■ TASK ■
The data below should be restated word for word, pictures omitted.

■ GIVEN INFORMATION ■
****
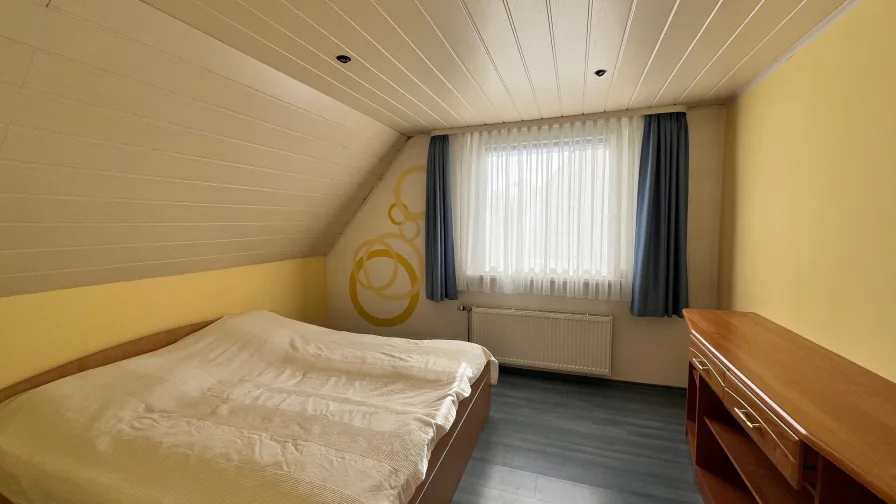 Schlafzimmer im DG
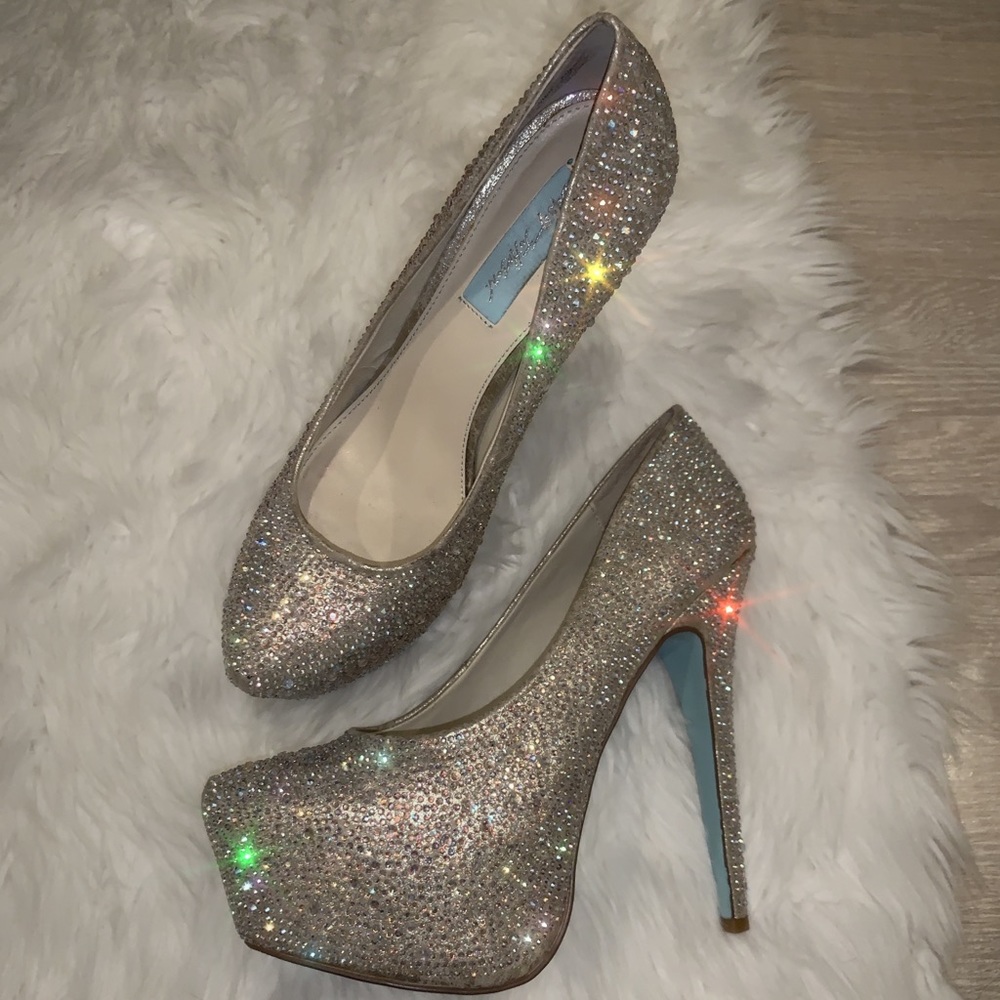 Beautiful Crystal Encrusted Platform Heels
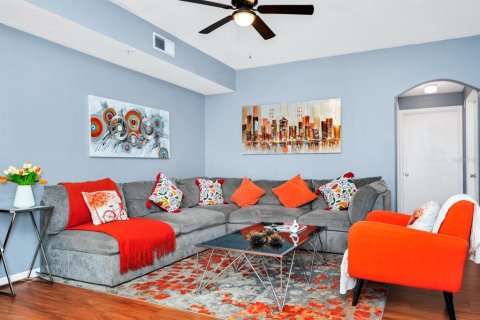 Condo in Orlando, Florida, 3 bedrooms  № 1916535 - photo 27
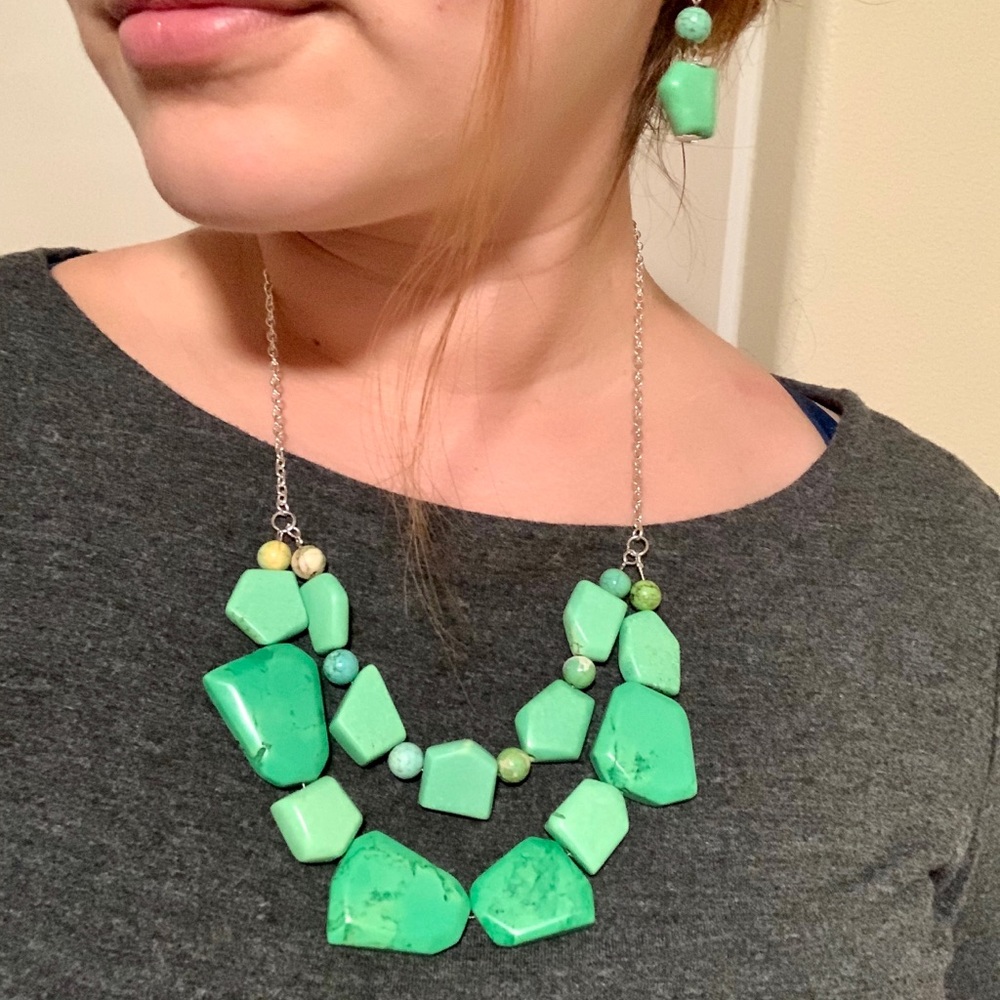 Geometric green rock statement necklace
****
■ EXERCISE RESULT ■
 Schlafzimmer im DG
 Beautiful Crystal Encrusted Platform Heels
 Condo in Orlando, Florida, 3 bedrooms  № 1916535 - photo 27
 Geometric green rock statement necklace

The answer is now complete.